In this study, we address the above gap by leveraging an existing face dataset to create a novel pipeline for automatic nasal index classification. We utilize the CelebA dataset, a large-scale repository of high-resolution face images [
10]. From these images, we compute the apparent Nasal Index (aNI) for each face—defined as the width-to-height ratio of the nose region as observed in the frontal 2D image. By applying the standard NI thresholds, we label each nose in the dataset with one of the five anthropometric categories (from hyperleptorrhine to hyperplatyrrhine). In essence, the dataset acts as a rich source of measurements, allowing us to assemble thousands of examples of each nasal category for training and evaluation of a classifier. Furthermore, we develop a fully automated pipeline that can estimate the nasal index from a raw image without requiring a pre-existing mask. To achieve this, we trained a lightweight one-class YOLOv8 model to detect the nose region in a frontal face image. YOLOv8, as an advanced real-time object detector, yields a bounding box around the nose, from which the width and height of the nose can be approximated.

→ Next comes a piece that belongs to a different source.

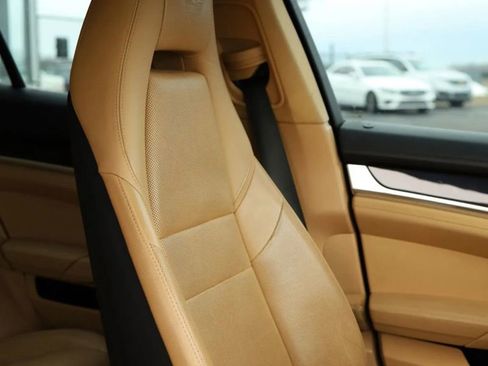 Used 2013 Porsche Panamera 4 Platinum Edition image 56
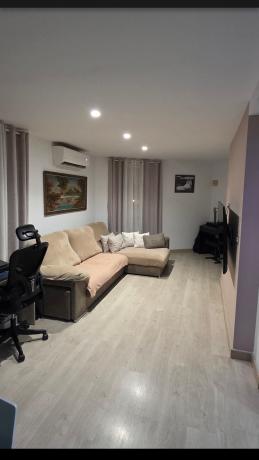 Venta de piso en Piso en Calle Victoria Kent, Los Magros-Casablanca, Elche / Elx, Elche / Elx
 photo 1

By integrating this detector with our aNI computation and classification scheme, we enable nasal index classification in a single step from an input face photograph. This means that even for new images (e.g., a patient’s preoperative photo) where no segmentation is available, the system can localize the nose, measure its apparent width and height, compute the aNI, and automatically determine the nose type category. The entire process—from nose detection to index calculation and category output—is automated and fast, requiring no manual intervention. Because our open-source model focuses on a single class (the nose), it remains lightweight and efficient, making it feasible for deployment in clinical software or mobile applications.
This automated pipeline has important implications for both clinical and research settings. In surgical planning, an objective tool for nasal index measurement can assist surgeons in quantifying a patient’s nasal proportions and tracking changes after reconstruction or rhinoplasty. It provides a consistent frame of reference (e.g., identifying if a nose falls within the “mesorrhine” normal range or towards the extremes), which can improve communication and planning of surgical goals. By removing subjective bias, the system may help standardize assessments and support decision-making with quantitative data. From a research perspective, the ability to classify nasal morphology at scale opens new avenues in morphometric analysis—for instance, analyzing correlations between nasal index and other craniofacial parameters or outcomes. Moreover, our use of a publicly available dataset and off-the-shelf deep learning architectures ensures that the method is reproducible and can be built upon by others. The pipeline could be integrated into educational tools for surgical training or into forensic analysis software wherever rapid nasal measurements are needed, all while maintaining consistency and accuracy. The aim of the study was to develop the end-to-end pipeline that can classify noses into standard anthropometric categories from a single image, thereby providing a simple and objective tool for nasal proportion assessment in clinical practice and morphometric analysis without manual measurements.
2. Materials and Methods
2.1. Data Source and Image Selection
No patient data were used; all images originate from publicly available online sources. We used face photographs from the CelebA [
10] family of datasets and constructed a curated set of 29,998 high-quality, near-frontal images in which the external soft-tissue nose was clearly visible and not heavily occluded (e.g., by hands, microphones, or accessories). Images with marked yaw/pitch, severe blur, or substantial nasal occlusion were excluded during screening. Within the CelebA subset used for this study (n = 29,998), 57.7% of the images depicted female subjects (17,318/29,998) and 42.3% male subjects (12,680/29,998). Based on the Young attribute provided in the dataset, 77.9% (23,378/29,998) of the faces were labeled as young and 22.1% (6620/29,998) as not young, reflecting the known demographic skew of CelebA toward younger female individuals. The dataset does not include race/ethnicity labels and we did not infer them; thus, we cannot report race/ethnicity proportions. The curated images were randomly partitioned once with a fixed seed into training (20,998), validation (5999), and test (3001) sets in a 70/20/10 randomized ratio. All analyses were performed at the image level.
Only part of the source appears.